# Used Power Supply for Series 3 TiVo DVR (TCD648250B) - Needs Repair



## AVSman (Mar 17, 2006)

I have a used power supply for a Series 3 TiVo DVR (TCD648250B) for sale. The TiVo part # is SPWR-00008-000 RevA1. It has (at least) three capacitors that are bulging and that will need to be replaced. This power supply was causing audio/video recording issues in my TiVo (after I replaced it with a new power supply, the issues were resolved). I thought someone who knows about soldering might want to repair this and get it working correctly again.

I'm open to any reasonable offer and willing to ship it (just send a PM). Or, I am in the Seattle area if someone wants to meet locally.

Thanks!


----------



## AVSman (Mar 17, 2006)

Please don't make me list this on eBay...


----------



## unitron (Apr 28, 2006)

AVSman said:


> Please don't make me list this on eBay...


You could try putting it on Craigslist.

Wording something to the effect

"If you're handy with a soldering iron, here's a chance to save big!"

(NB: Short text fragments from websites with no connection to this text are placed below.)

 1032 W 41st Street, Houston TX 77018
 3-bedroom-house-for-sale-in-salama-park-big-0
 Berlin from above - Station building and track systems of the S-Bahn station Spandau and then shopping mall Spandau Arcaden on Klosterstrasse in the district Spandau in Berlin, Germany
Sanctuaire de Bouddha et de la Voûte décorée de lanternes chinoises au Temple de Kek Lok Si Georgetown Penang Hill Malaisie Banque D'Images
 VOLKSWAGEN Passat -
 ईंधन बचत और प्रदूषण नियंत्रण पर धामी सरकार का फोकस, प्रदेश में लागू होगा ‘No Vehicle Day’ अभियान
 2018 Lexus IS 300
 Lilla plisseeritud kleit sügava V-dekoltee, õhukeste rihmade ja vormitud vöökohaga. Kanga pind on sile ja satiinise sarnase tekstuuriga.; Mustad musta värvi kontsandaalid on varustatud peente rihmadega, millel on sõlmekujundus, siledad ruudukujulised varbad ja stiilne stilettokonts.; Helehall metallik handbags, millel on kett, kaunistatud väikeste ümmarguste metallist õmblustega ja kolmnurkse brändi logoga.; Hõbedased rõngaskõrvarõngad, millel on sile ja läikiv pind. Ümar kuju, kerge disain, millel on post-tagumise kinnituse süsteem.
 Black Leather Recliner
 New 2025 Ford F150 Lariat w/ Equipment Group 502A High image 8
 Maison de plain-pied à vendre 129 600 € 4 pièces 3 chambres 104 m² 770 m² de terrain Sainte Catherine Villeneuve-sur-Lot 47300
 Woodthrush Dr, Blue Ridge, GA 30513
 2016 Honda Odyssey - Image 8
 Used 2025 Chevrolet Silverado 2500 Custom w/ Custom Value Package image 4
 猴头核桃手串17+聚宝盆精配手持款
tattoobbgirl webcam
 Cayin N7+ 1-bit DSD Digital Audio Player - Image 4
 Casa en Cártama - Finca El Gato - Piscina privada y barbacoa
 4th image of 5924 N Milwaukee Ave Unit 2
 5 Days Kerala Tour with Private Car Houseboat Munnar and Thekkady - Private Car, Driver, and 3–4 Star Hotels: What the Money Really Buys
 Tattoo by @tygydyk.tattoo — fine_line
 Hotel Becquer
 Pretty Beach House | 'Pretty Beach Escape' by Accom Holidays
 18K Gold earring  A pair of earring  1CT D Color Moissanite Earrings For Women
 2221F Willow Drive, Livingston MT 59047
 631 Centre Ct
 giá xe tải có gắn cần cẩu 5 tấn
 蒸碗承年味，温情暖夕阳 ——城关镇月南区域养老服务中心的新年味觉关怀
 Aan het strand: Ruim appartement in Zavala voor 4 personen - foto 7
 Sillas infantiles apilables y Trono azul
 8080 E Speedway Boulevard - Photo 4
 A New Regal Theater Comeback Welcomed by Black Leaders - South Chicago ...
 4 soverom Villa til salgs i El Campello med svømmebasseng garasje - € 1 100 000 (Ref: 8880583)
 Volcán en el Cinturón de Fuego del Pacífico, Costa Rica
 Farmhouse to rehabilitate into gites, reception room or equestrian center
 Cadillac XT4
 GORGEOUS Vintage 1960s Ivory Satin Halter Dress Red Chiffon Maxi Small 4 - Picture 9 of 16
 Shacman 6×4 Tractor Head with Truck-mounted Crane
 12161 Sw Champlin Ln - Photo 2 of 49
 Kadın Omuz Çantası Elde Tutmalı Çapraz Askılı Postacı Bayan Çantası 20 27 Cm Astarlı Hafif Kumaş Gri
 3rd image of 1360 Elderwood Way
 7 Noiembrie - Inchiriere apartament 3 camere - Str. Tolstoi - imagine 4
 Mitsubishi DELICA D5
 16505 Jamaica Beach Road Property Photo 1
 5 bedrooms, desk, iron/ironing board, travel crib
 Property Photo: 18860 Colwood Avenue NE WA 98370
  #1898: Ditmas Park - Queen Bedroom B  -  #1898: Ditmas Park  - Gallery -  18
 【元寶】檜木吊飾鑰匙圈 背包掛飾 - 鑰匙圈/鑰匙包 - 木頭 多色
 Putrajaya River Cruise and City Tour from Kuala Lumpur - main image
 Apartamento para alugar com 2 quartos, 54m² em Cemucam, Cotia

When I see how much a new one is selling for

http://www.weaknees.com/tivo-power-supply.php

I almost wish I needed one myself.


----------



## AVSman (Mar 17, 2006)

unitron said:


> You could try putting it on Craigslist.
> 
> Wording something to the effect
> 
> ...


Good suggestion. I might try again after the holidays, since attempting to repair dying power supplies isn't at the top of most people's to-do lists right now.


----------